Oct. 2, 2003 – On Thursday, two days after announcing that Myrah Keating Smith Community Health Center would no longer issue food-handler cards, clinic administrator Erica McDonald reversed that statement.
McDonald said a problem arose because the Health Department had begun using a computerized system to issue the cards. She said the health center had to suspend the service because it had no way to deal with the computerized cards.
The St. John facility now has a supply of the cards, she said, and authorities will decide in the next month whether to link the center with the Health Department's system or have the Health Department issue the cards at the Morris de Castro Clinic in Cruz Bay.
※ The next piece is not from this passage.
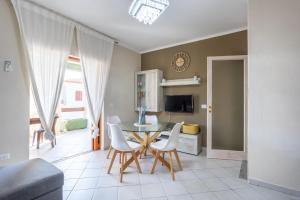 a dining room with a table and white chairs at Casamorle in Isola Rossa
In any event, "We're able to resolve it temporarily," McDonald said.
Anyone who works in the food service industry needs a food-handler card. Myrah Keating Smith falls administratively under Roy L. Schneider Hospital but issues the cards on behalf of the separate Health Department.
Lonnie Willis, who owns two St. John restaurants, said she spent half a day on the telephone trying to persuade officials to arrange for the cards once again to be issued on St. John.
"We are citizens over here," she said, speaking about the lack of understanding often shown by St. Thomas officials regarding the transportation and time demands placed on St. John residents when they have to go to St. Thomas for services.
Willis said her staff members would lose half a day of work plus the cost of the trip if they had to get their cards on St. Thomas. She credited St. John Administrator Julien Harley with convincing Health Department officials to resume the service on St. John.
Especially annoying to Willis was a lack of advance notice given for the change. She said her workers went to the health center to take the food-handler's test on Tuesday and were told they had to go to St. Thomas. She said she saw a press release on the subject on Wednesday.